Exercise objective
Range to copy from the entries below: the line containing "I Built the" through the line containing "SALINADI MELA,SANKHU 2082//SPIRITUAL", inclusive. Retype only those lines, exactly, without any images.

Records
'''
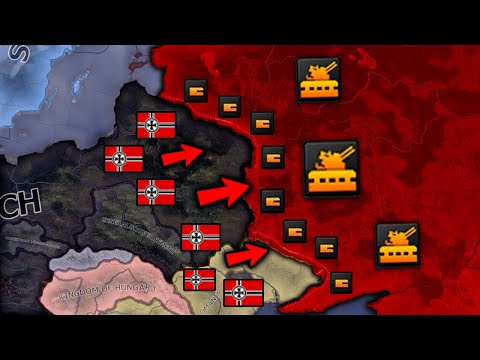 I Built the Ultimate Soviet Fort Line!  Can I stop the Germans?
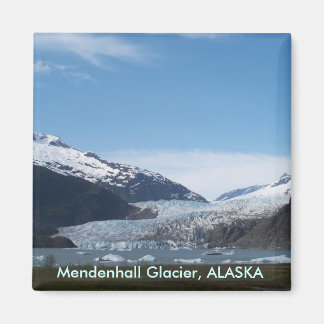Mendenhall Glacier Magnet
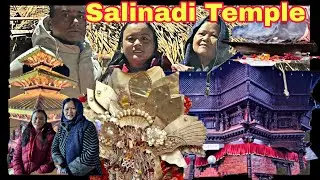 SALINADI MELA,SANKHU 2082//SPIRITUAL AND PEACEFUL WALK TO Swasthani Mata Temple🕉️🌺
'''
'''
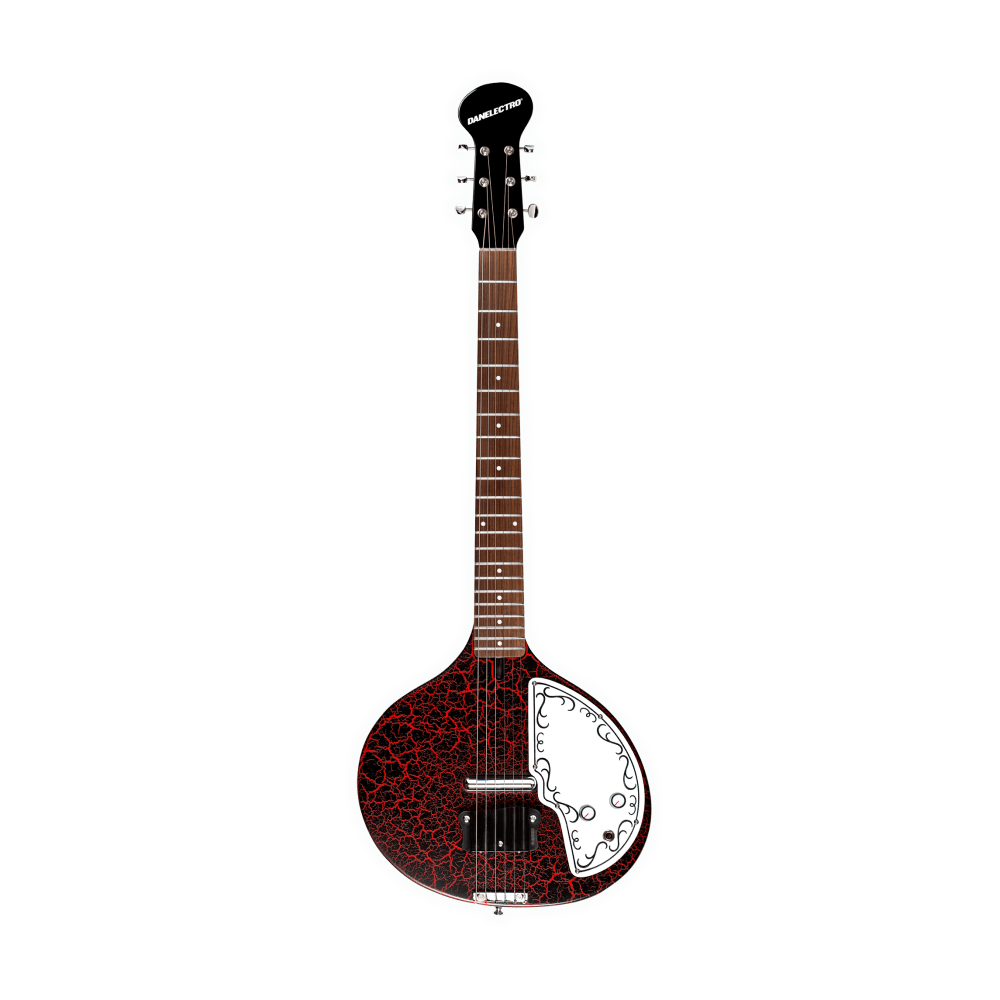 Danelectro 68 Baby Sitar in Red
'''
Response area
 I Built the Ultimate Soviet Fort Line!  Can I stop the Germans?
Mendenhall Glacier Magnet
 SALINADI MELA,SANKHU 2082//SPIRITUAL AND PEACEFUL WALK TO Swasthani Mata Temple🕉️🌺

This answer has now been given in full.